Equally radical, yet inextricably associated with Correa’s trail is the new Tjibaou Culture Centre in Noumea, New Caledonia, designed by the Renzo Piano Building Workshop. Given that this building succeeds in capturing the dynamics of the historical flywheel also in its content, it stands for me as the very epitome of locally adapted architecture. The material references are obvious, but the forms are new, and the building process itself and the social activities that the building is designed for are able to contribute to a form of “global” development that I personally view as very positive. For me, the culture centre manifests itself as a New Caledonian version of the Nidaros Cathedral. In a few years’ time, it is unlikely that anyone will be preoccupied with the fact that the architect was Italian. The building will have become part of the New Caledonian trail of culture.

  1. In Norway during the 1850s, “Have nation – need culture!” was the culture policy revival message that rang out across the land. From Berggren, Brit (1989): Da kulturen kom til Norge [When Culture Came to Norway]. Oslo : Aschehoug. 

  2. “Folkearkitekturen er stedskunstens opphav. Den er svaret på å skulle bo her” [“The origin of Place Art is rural architecture. It provides the answer for living just here”]. Fra Norberg-Schulz, C. (1995): Stedskunst. Oslo : Gyldendal. 

  3. Fra Hage, I. (1996): Som fugl Fønix av asken? [As the Phoenix out of the ashes?]. Doctoral dissertation, University of Tromsø. 

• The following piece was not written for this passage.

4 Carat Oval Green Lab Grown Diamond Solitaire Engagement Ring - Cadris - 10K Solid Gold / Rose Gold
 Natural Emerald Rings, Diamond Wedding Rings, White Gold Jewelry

  4. In terms of development theory, we may rather have expressed this “in the area of tension between societal capitals ”, i.e. between what people are capable of doing by virtue of a) their knowledge and health, b) their financial capital, c) the strength of their social institutions, i.e. the extent of their mutual trust, d) the available natural resources and e) the scope and quality of tools and of the man-made environment.